I'm pretty sure this works correctly—HTML.StringInterpolation.appendInterpolation(_: HTML) calls through to HTML.append(_: HTML), which knows that the strings inside the HTML instance are raw. Maybe I'm not seeing your point, though.

The other issues you identified are true; I've done another pass through the gist to correct those and a couple of other small issues. If you notice any other problems, please let me know.

This is a common convention we use when the name of a protocol conflicts with the name of a concrete type conforming to the protocol. For instance, Sequence.Iterator conforms to IteratorProtocol; LazySequence conforms to LazySequenceProtocol; KeyedDecodingContainer<K> conforms to KeyedDecodingContainerProtocol; NSObject conforms to NSObjectProtocol; SCNAnimation conforms to SCNAnimationProtocol. If that convention is omitted from the guidelines, it was either considered unimportant or it was a mistake.

I vacillated on this name too; at various points it was StringInterpolationType (to match StringLiteralType), StringInterpolationBuffer, StringInterpolator, etc. I ultimately decided that an instance represents the interpolation itself, so it should be called a "string interpolation". But if the core team doesn't like these names, I would not oppose changing them—I just don't want us to bikeshed a proposal that's centered on a fairly complex, performance-sensitive design with a lot of tradeoffs to consider.

Many do, but the most important—DefaultStringInterpolation, the type used by String—doesn't. Even if it did, the type system doesn't support requirements like this:

associatedtype InterpolatableType: protocol
mutating func appendInterpolation<T: InterpolatableType>(_ value: T)

And even if it did support that, there might be use cases for types where all interpolations require a parameter label (e.g. logging system where everything has to be \(public: value) or \(private: value)) or additional parameters (e.g. alternate design where you use \(value, .public) or \(value, .private)).

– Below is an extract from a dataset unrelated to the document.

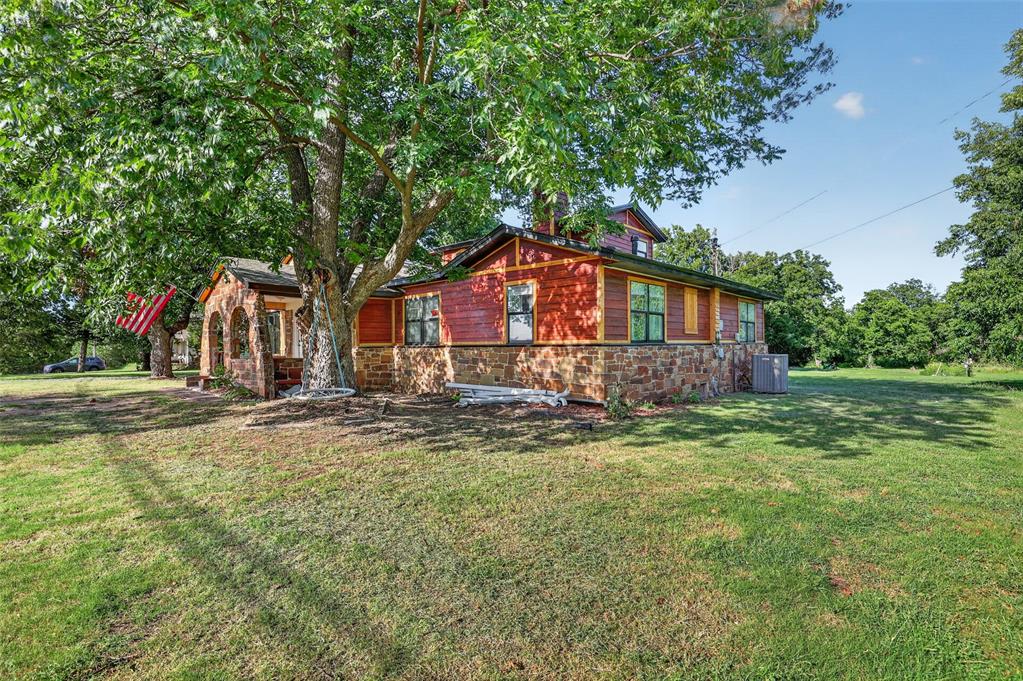 2122 N Dobbs Property Photo 1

This section went much more in depth on this at one point, but we cut it because the proposal was already very long. Suffice it to say, we decided that any formal requirement we could think of would restrict some sort of plausible design, and you can always write a refined StringInterpolationProtocol to improve generic behavior—something like:

protocol UnconstrainedStringInterpolationProtocol:
    StringInterpolationProtocol {
  mutating func appendInterpolation<T>(_ value: T)
}
extension DefaultStringInterpolation:
    UnconstrainedStringInterpolationProtocol {}
func makeString<S: ExpressibleByStringInterpolation>
    (of type: S.Type, with value: Int) -> S
    where S.StringInterpolation: UnconstrainedStringInterpolationProtocol {
  return "Made string with \(value)"
}

beccadax · September 14, 2018, 11:20pm

A somewhat less dirty way is to make the init(stringLiteral:) unavailable instead of deprecated; that way, you get a hard error. That's implemented here, along with tests proving that it works.

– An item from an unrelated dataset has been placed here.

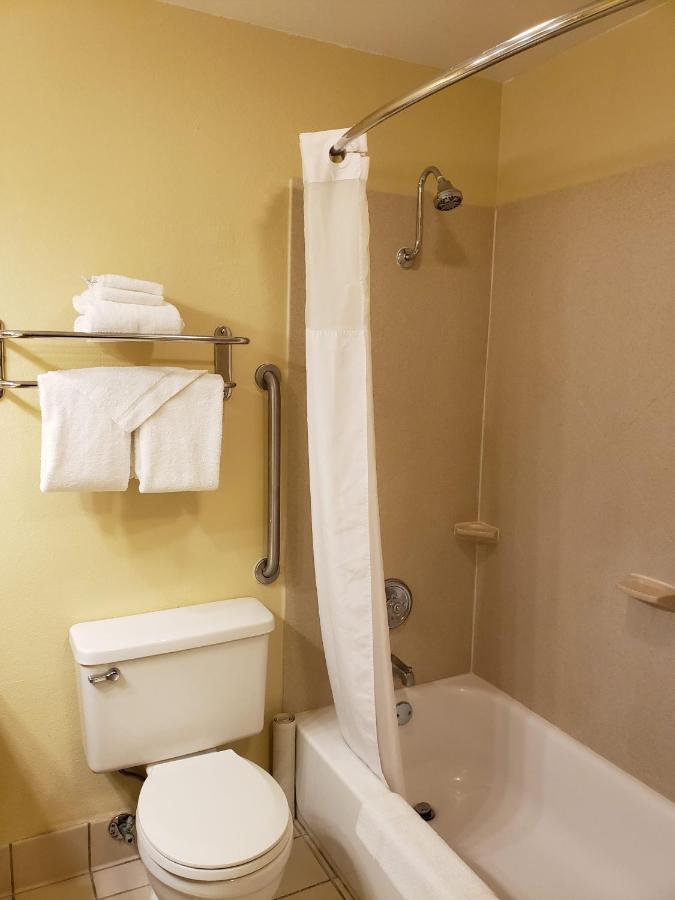 Quality Inn & Suites Vancouver - Hazel Dell Zewnętrze zdjęcie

I ran benchmarks in an alternative PR (results: proposal, alternative), and they were nearly identical to the charts above. But here the (substantial—up to 2.4x when you're just storing a String) overhead is something you could avoid by manually implementing init(stringLiteral:) alongside your init(stringInterpolation:).

I don't know if the core team would consider a slow but convenient default implementation to be a good addition to the standard library, but I don't think it's unreasonable to decide it is. If we do add it, we should clearly document that init(stringLiteral:) should be implemented manually for performance-sensitive types.

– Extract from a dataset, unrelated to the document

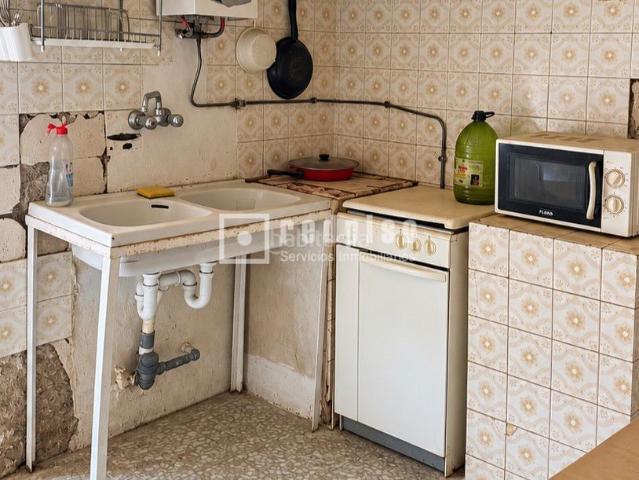 Casa en venta en Villa de Don Fadrique La. Oportunidad única para crear tu vivienda en LA VILLA DE DON FADRIQUE. Casas Villa de Don Fadrique.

jrose · September 14, 2018, 11:33pm

Huh, I would have expected "unavailable" to mean that the conformance checker would skip it, since that's what happens with overloads.

I'm confused as to why the overhead is so high. Surely the whole thing can be inlined down to

init(stringLiteral: String) {
  var interpolation_string = String(reservingCapacity: 0)
  interpolation_string += stringLiteral // should dynamically be a replacement
  self.value = interpolation_string
}

…oh, maybe that initial String.init(reservingCapacity:) isn't being short-circuited?

beccadax · September 14, 2018, 11:44pm

reserveCapacity(0) was a no-op in the REPL, but maybe there’s something going on here that prevents this. I’ll see what I can see when I’m at a computer again.